START Data to use
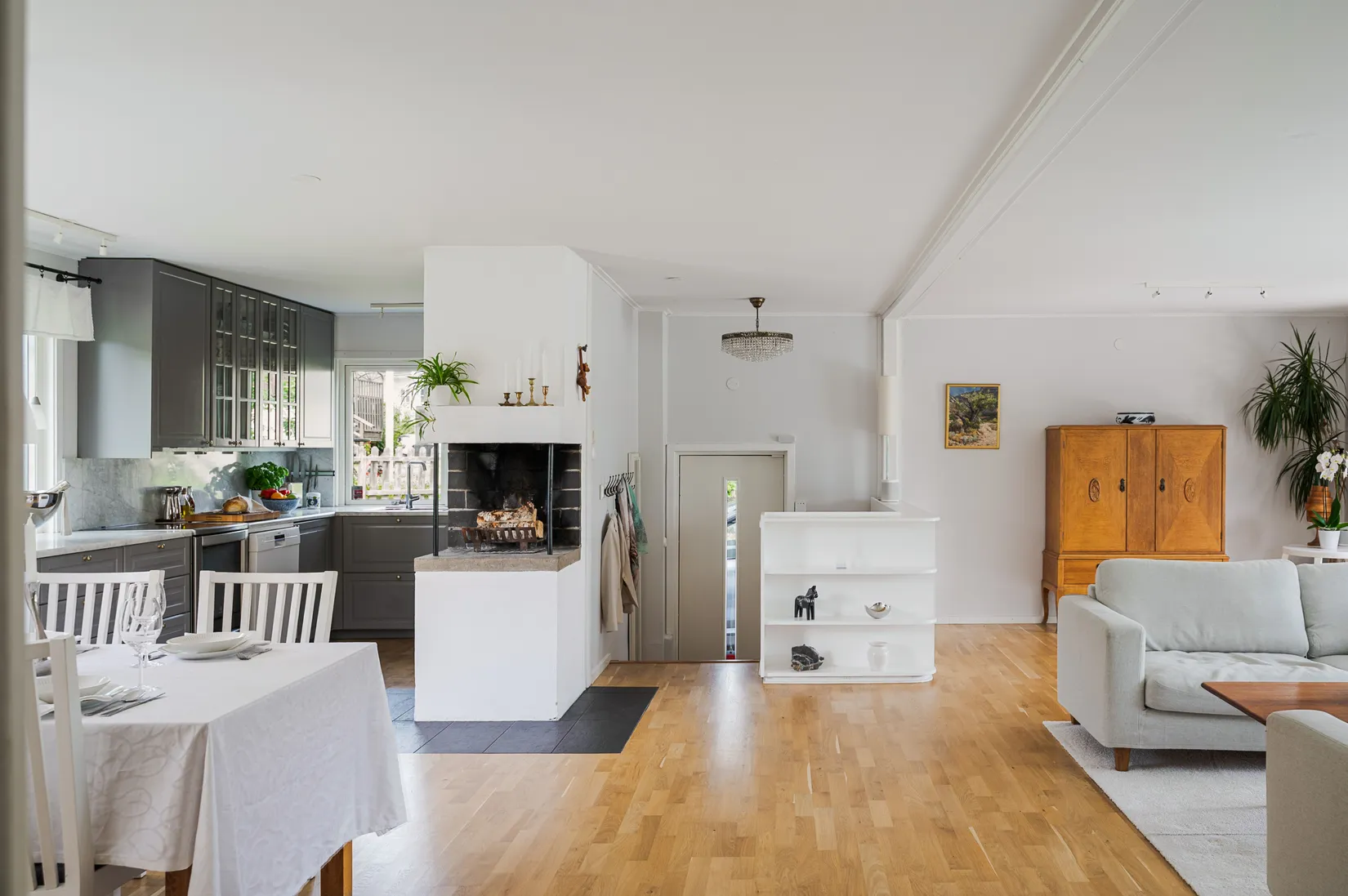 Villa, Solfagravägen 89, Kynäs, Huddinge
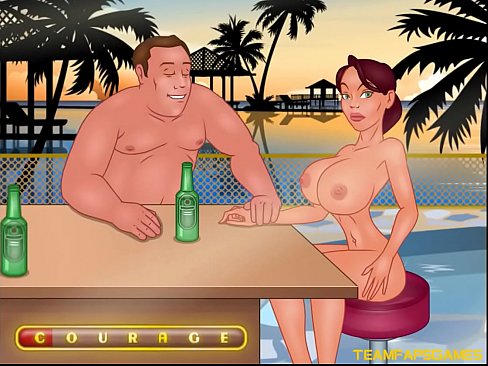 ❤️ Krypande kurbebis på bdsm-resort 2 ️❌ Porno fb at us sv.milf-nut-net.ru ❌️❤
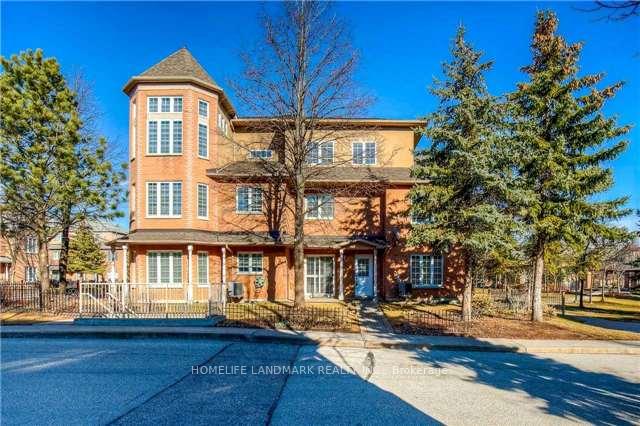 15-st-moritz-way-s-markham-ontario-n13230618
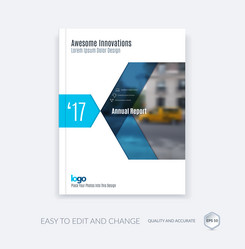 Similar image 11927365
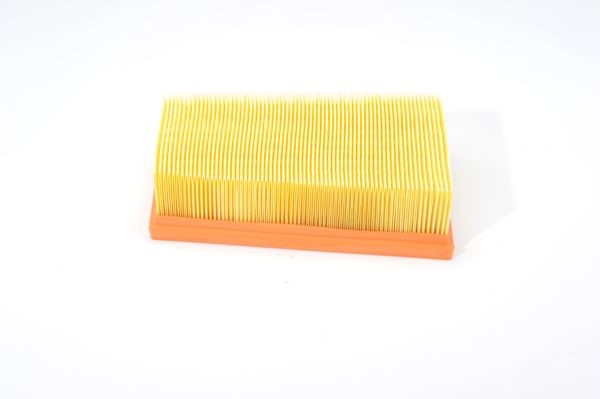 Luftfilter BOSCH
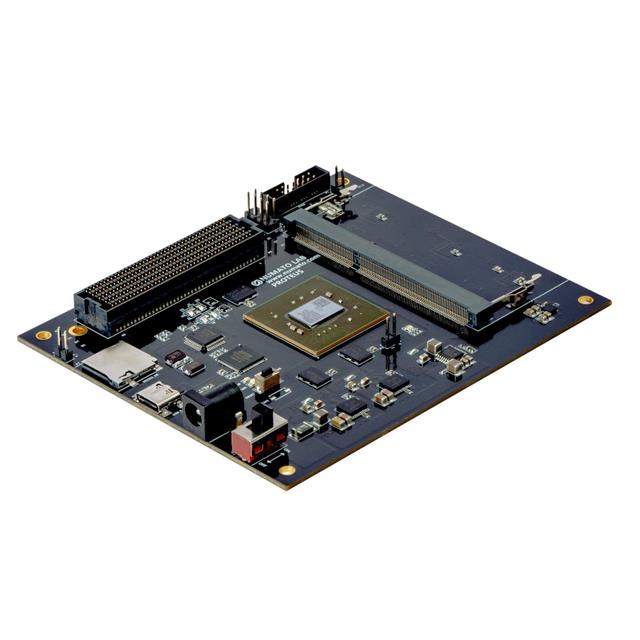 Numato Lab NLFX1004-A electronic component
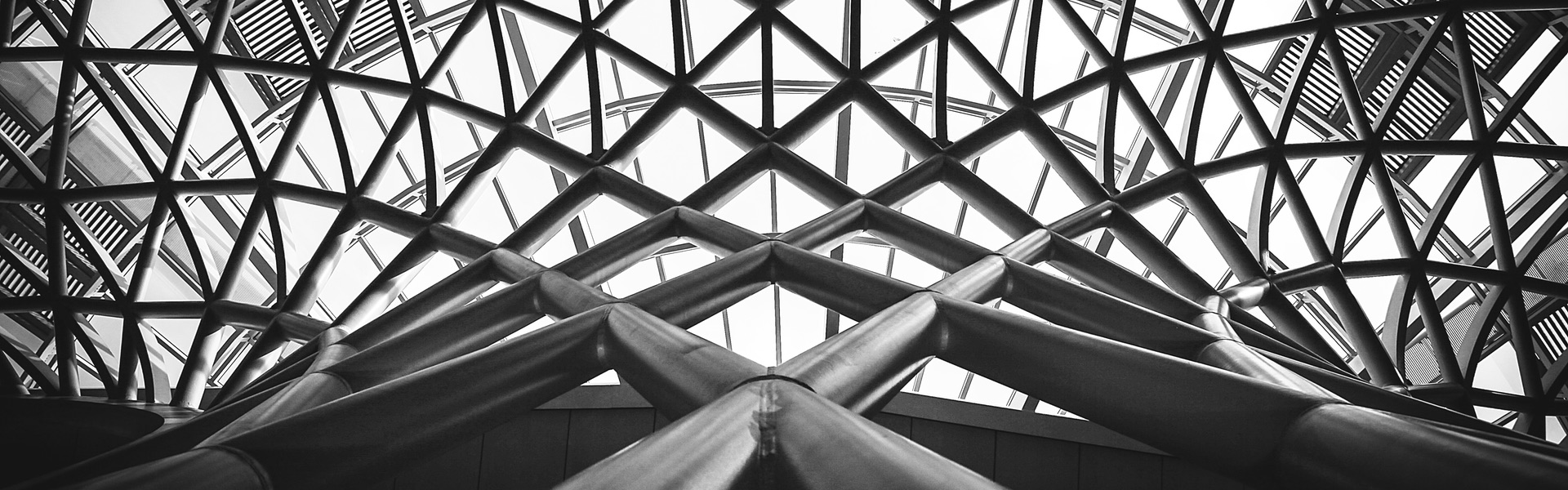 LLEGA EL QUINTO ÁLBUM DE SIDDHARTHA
END Data to use
START Data to use
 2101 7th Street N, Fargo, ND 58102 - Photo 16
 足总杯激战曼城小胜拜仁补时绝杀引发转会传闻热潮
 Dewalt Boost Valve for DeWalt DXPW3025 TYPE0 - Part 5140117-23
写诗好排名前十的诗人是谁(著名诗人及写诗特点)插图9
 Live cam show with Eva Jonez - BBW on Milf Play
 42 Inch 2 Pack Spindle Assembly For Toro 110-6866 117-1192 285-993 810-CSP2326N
END Data to use
Task item
Using the entries above, extract exactly the lines from the one that contains "us sv.milf-nut-net.ru ❌️❤" through the one that contains "LLEGA EL QUINTO ÁLBUM DE SIDDHARTHA". Do not carry over any pictures.

Result of the exercise
 ❤️ Krypande kurbebis på bdsm-resort 2 ️❌ Porno fb at us sv.milf-nut-net.ru ❌️❤
 15-st-moritz-way-s-markham-ontario-n13230618
 Similar image 11927365
 Luftfilter BOSCH
 Numato Lab NLFX1004-A electronic component
 LLEGA EL QUINTO ÁLBUM DE SIDDHARTHA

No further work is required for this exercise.